*YOUR TASK:* Only the lines from the beginning of the data through the one with "Hello, in this" belong in the answer, each retyped exactly, with pictures left out.
(RECORDED DATA)
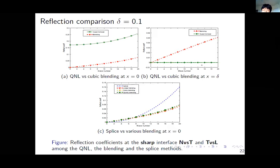We also compare the splice method, which has only a sharp interface without a transitional region, against linear, cubic, and quintic blending. When the wave number is small, say less than 8, splice is slightly better, but for large wave numbers splice is much worse compared to blending. This suggests that for short-wavelength traveling waves we should avoid the splice method and use the blending method, preferably with linear blending.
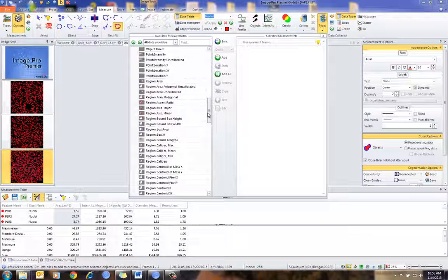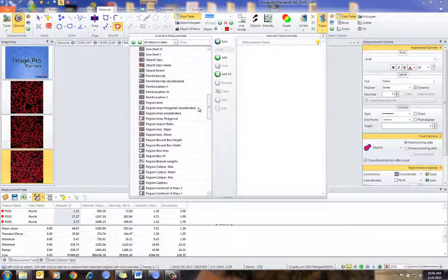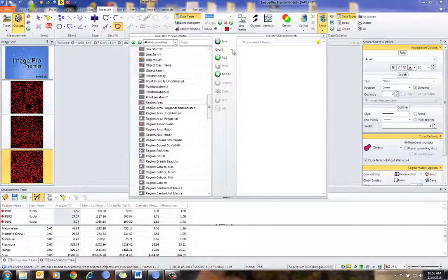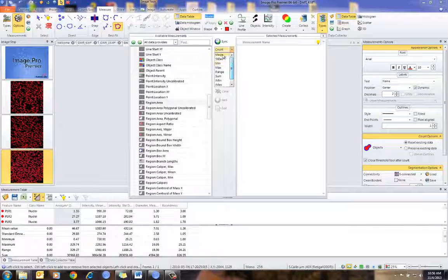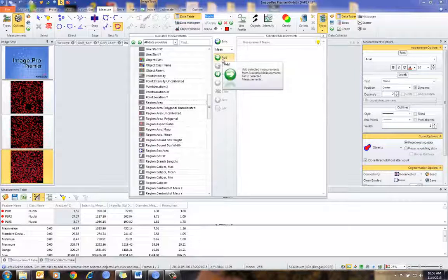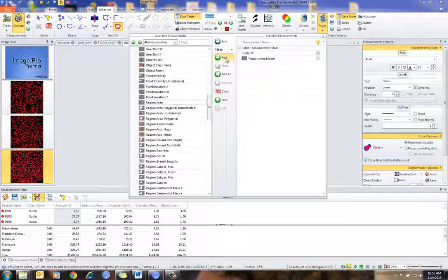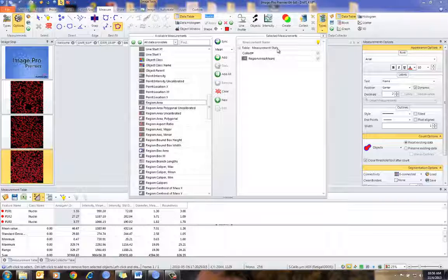In this case, if I want the area — maybe I want the mean area — I can easily select that. I can select mean, add that, and you'll notice it's been added to the measurement stats table. It's called region area mean.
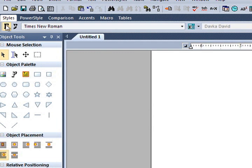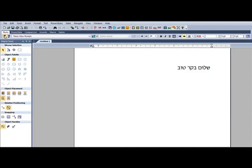Do not change the direction arrows. Type the English text. Each letter will appear to the right of the previous letter.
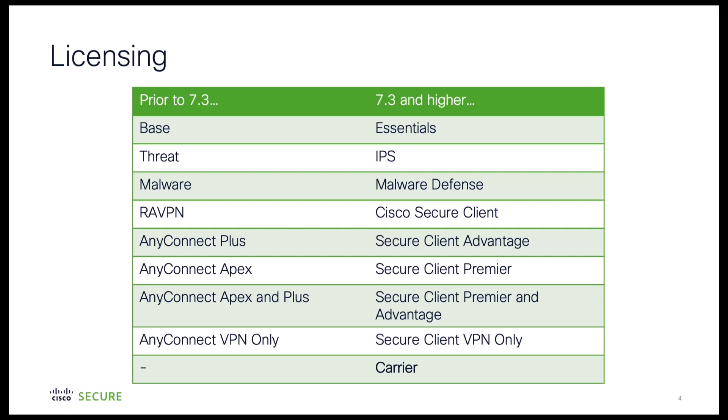In addition, the carrier license has been added which allows for the configuration of GTP, GPRS, Diameter, SCTP, and M3UA inspections through the use of FlexConfig.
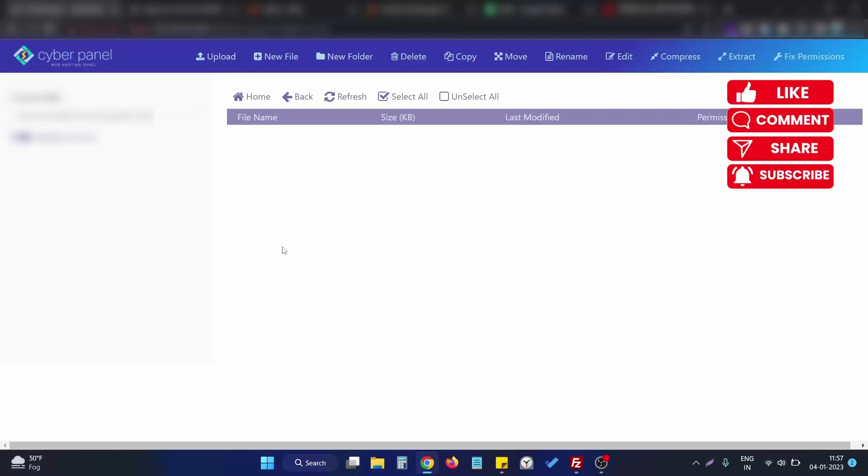Hello, in this video we will see the upload error that we encounter while using the file manager in CyberPanel. So right now I am in a file manager of a CyberPanel account. If I try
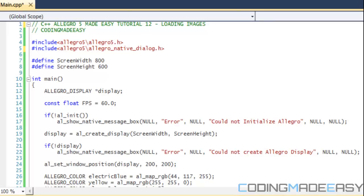Hello everybody and welcome to your 12th Allegro 5 tutorial. So in this tutorial we're going to be loading in images.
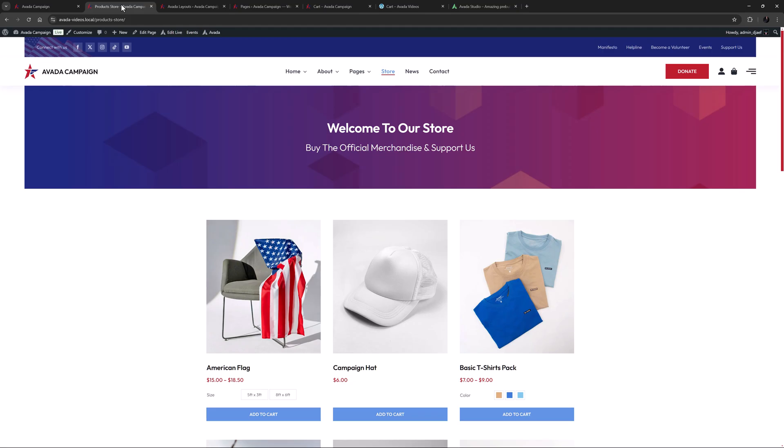When you install WooCommerce, cart, checkout and my account pages are automatically created, assigned in the WooCommerce settings and populated with some suitable basic blocks. These are functional pages, but they have limited design and layout options.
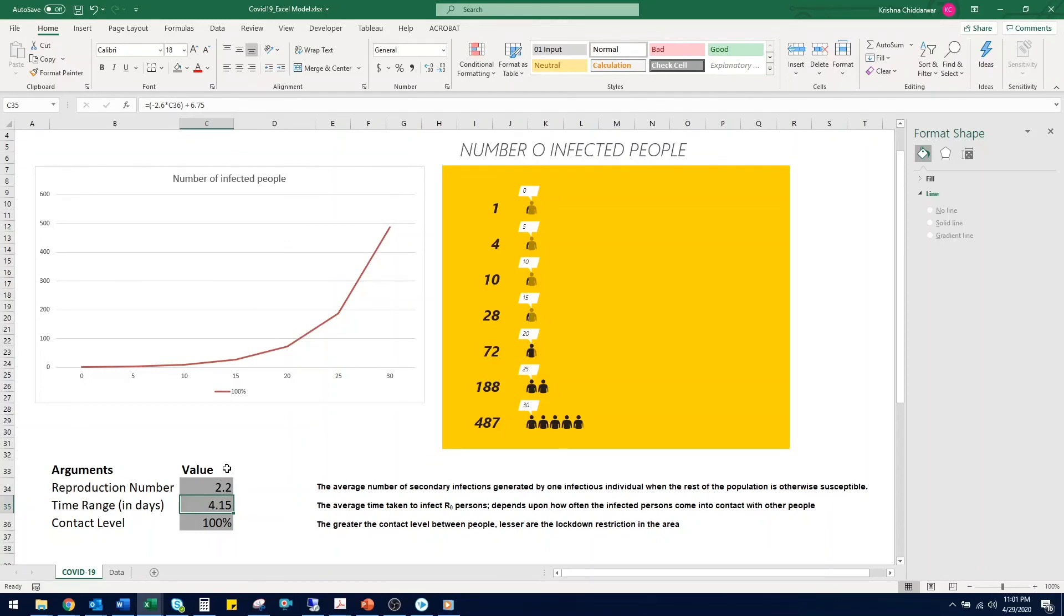Reducing the R0 number will require vaccines, but until we can find one we can reduce it by social distancing and self isolation. Thank you.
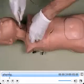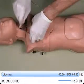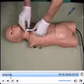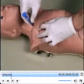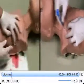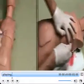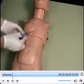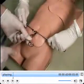Like Trauma Man, this lifelike simulation can be used to practice cricothyroidotomy, tracheostomy, needle decompression, thoracostomy, pericardiocentesis, and diagnostic peritoneal lavage.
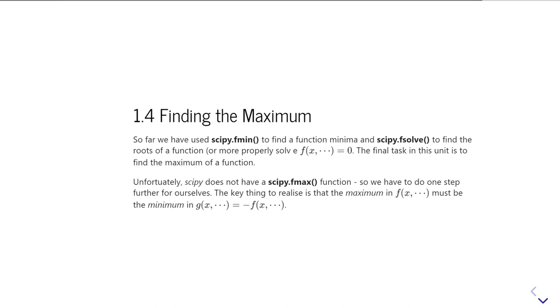So if we can define a new function g of whatever, of x, that's minus f(x), and then ask to find the minimum of g, we've found the maximum of f.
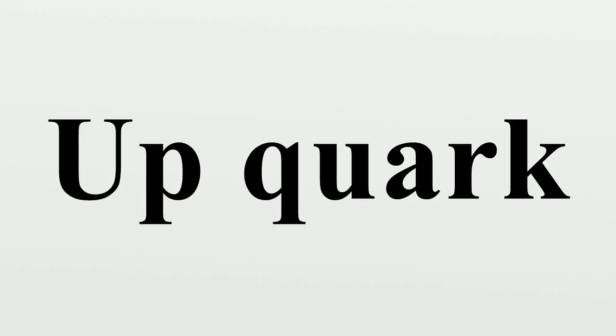The up quark or u quark is the lightest of all quarks, a type of elementary particle, and a major constituent of matter.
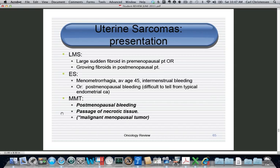Regarding presentation: leiomyosarcoma looks like a fibroid. Watch for a premenopausal patient with a normal exam a year ago who now presents with a dramatically enlarged uterus and a huge single fibroid — that's leiomyosarcoma. Endometrial sarcoma presents similarly to endometrial cancer with intermenstrual or postmenopausal bleeding, requiring endometrial biopsy or D&C. The MMT grows so rapidly that necrotic tissue is frequently expelled — as shown in the first slide.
(End RECORDED DATA)
*THE ANSWER:*
We also compare the splice method, which has only a sharp interface without a transitional region, against linear, cubic, and quintic blending. When the wave number is small, say less than 8, splice is slightly better, but for large wave numbers splice is much worse compared to blending. This suggests that for short-wavelength traveling waves we should avoid the splice method and use the blending method, preferably with linear blending.
In this case, if I want the area — maybe I want the mean area — I can easily select that. I can select mean, add that, and you'll notice it's been added to the measurement stats table. It's called region area mean.
Do not change the direction arrows. Type the English text. Each letter will appear to the right of the previous letter.
In addition, the carrier license has been added which allows for the configuration of GTP, GPRS, Diameter, SCTP, and M3UA inspections through the use of FlexConfig.
Hello, in this video we will see the upload error that we encounter while using the file manager in CyberPanel. So right now I am in a file manager of a CyberPanel account. If I try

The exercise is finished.